# Tentativas de quebrar a ambiguidade de relativas com antecedentes de mesmo gênero.



## على حافة الهاوية

Dessas tentativas de quebrar a ambiguidade de *1.* Quais são satisfatórias? *1.* Conversei com o pai do garoto que sofreu o acidente.; *1.a)* Conversei com cujo pai do garoto sofreu acidente. (pai sofreu); *1.b)* Conversei com o pai (de) cujo garoto sofreu acidente. (garoto sofreu acidente. quanto à prep. "de" que acham?); *1.c)* Com o pai que sofreu acidente, conversei com o pai do garoto. (pai sofreu); *1.d)* Do garoto que sofreu acidente, conversei com o pai dele. (garoto sofreu); Há outras maneiras de quebrá-las? Que me sugerem?


----------



## machadinho

conversei com o pai do garoto, o pai que sofreu o acidente;
conversei com o pai do garoto, o garoto que sofreu o acidente;


----------



## Ari RT

o pai daquele garoto que sofreu o acidente
aquele garoto que sofreu o acidente, conversei com o pai dele
conversei com o pai do garoto do acidente
o cara cujo filho se acidentou

conversei com o pai do garoto, que foi quem sofreu o acidente
conversei com o pai acidentado do garoto feioso
sabe aquele garoto, conversei com o pai dele, que sofreu o acidente

Tem muitas formas, se a gente olhar para o critério semântico antes da matemática, digo, gramática. Essas formas dependem do registro do entorno textual. Algumas das sugestões acima só seriam válidas em um registro casual. Em resumo, a "regra" (se é preciso que exista uma regra) é: se a sentença não for clara, é preciso torná-la clara. Não importa a extensão ou a profundidade da mudança. Se for preciso, mude-se a sentença inteira, até que se torne "injetiva" (um input só admite um output). A não ser que a gente esteja falando em figuras de linguagem, poesia, o que seriam já outros mundos.
Comunicação verbal: um emissor elege uma ideia, codifica essa ideia em significantes (palavras, frases, gestos, expressões, placas de trânsito...), transmite esses símbolos para o(s) receptor(es), que os decodifica(m). Cabe ao emissor escolher significantes que o receptor decodifique corretamente. Se o receptor decodifica mal, o problema deve estar na escolha de símbolos pelo emissor.


----------



## guihenning

على حافة الهاوية said:


> Quais são satisfatórias?


Nenhuma parece ser satisfatória porque nenhuma é gramatical. O pronome só poderá vir precedido de preposição se o verbo da oração a reger. 'conversar' rege 'com' e não 'de'. "_este é o menino com cujo pai conversei_". O uso da preposição 'de' para, dalguma forma, reforçar a noção de posse também é interdito. O pronome já transmite essa ideia e não me parece que seja sujeito a ambiguidades. Pelo menos não por conta do pronome em si.

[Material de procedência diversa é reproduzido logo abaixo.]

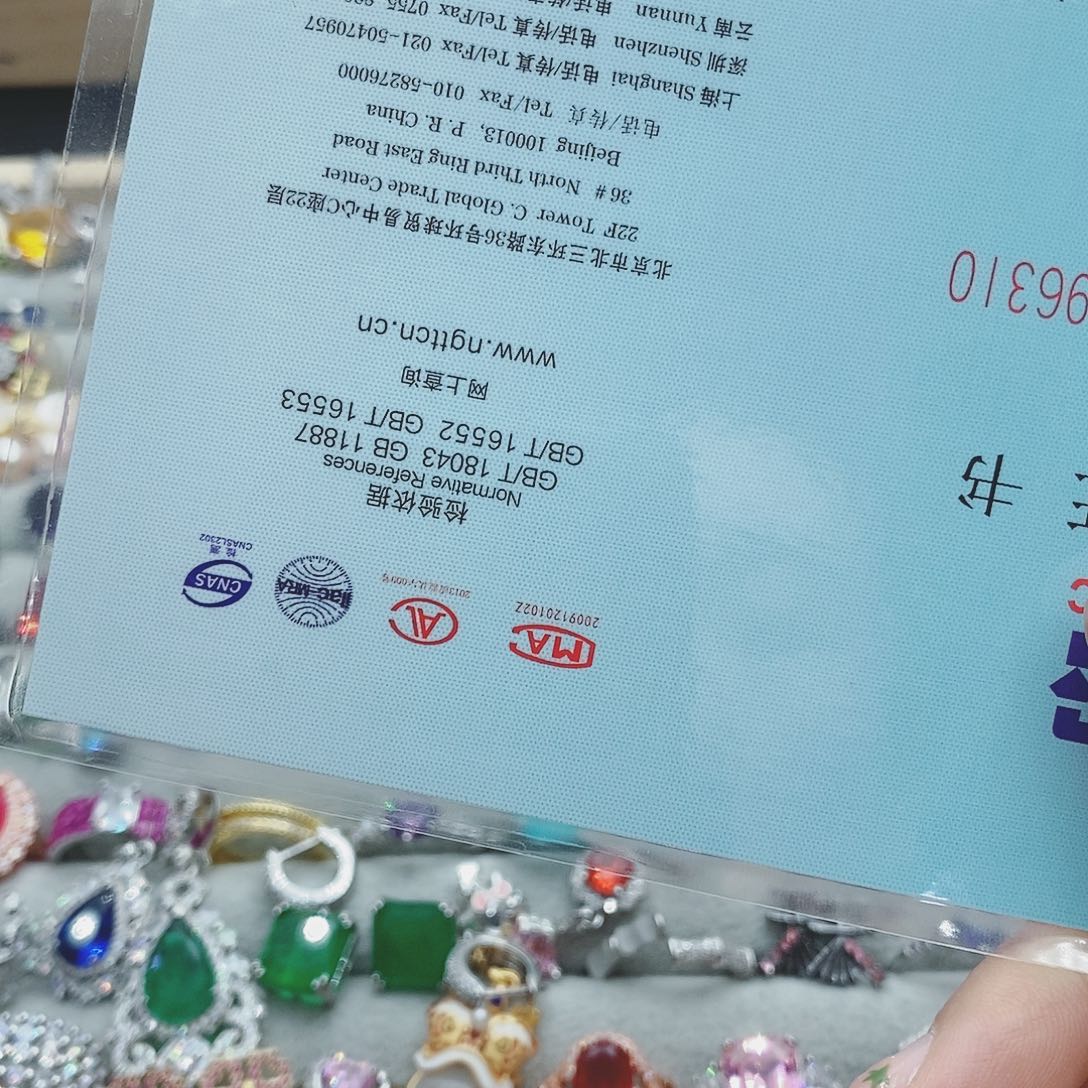 【闪购商品】托帕石耳饰银S925镶嵌颜*曦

_conversei com o garoto cujo pai sofreu um acidente
conversei com o pai/homem cujo filho sofreu um acidente_


----------



## على حافة الهاوية

guihenning said:


> O pronome já transmite essa ideia e não me parece que seja sujeito a ambiguidades.

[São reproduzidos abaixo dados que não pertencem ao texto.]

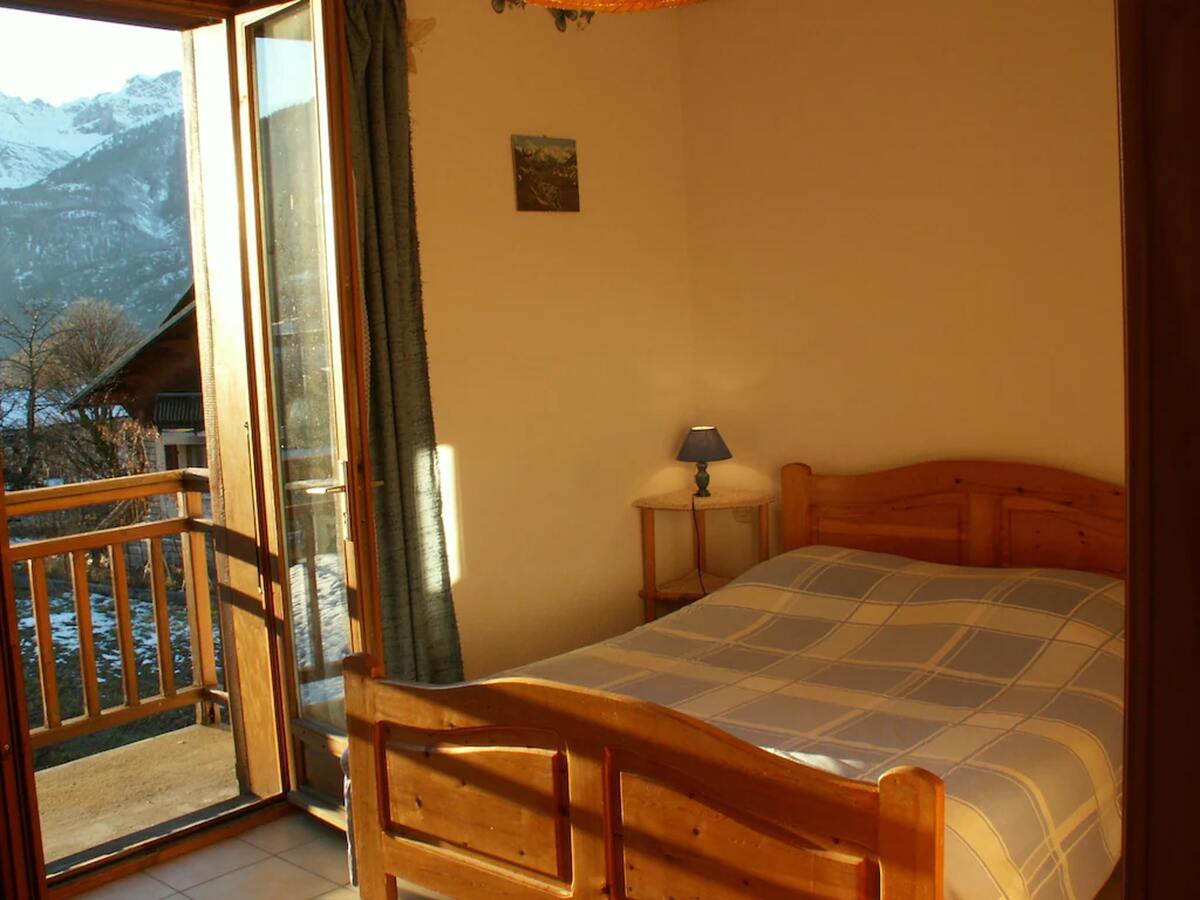 Maison 300 m² pour 15 personnes, 6 chambres avec vue montagne - Photo 8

Havia ficado com dúvida se nesse contexto, no qual o 'cujo' é usado para desambiguação, não perde o caráter de posse? Veja em (1).

(1) Conversei com o garoto cujo pai sofreu acidente.
garoto do pai? 
(2) Conversei com o pai cujo filho sofreu acidente.
pai do garoto.

Em contextos que o cujo não é para quebrar ambiguidade lê-se de trás para frente, por isso pensei em colocar a preposição. Lendo em ordem direta. Parece desnecessário, de fato, ninguém interpretaria "garoto do pai".


----------



## guihenning

على حافة الهاوية said:


> Havia ficado com dúvida se nesse contexto, no qual o 'cujo' é usado para desambiguação


Acho que não entendi bem. _Cujo_ é sempre usado para determinar uma posse e relação, não? Desconheço outros usos.


على حافة الهاوية said:


> não perde o caráter de posse? Veja em (1).
> 
> (1) Conversei com o garoto cujo pai sofreu acidente.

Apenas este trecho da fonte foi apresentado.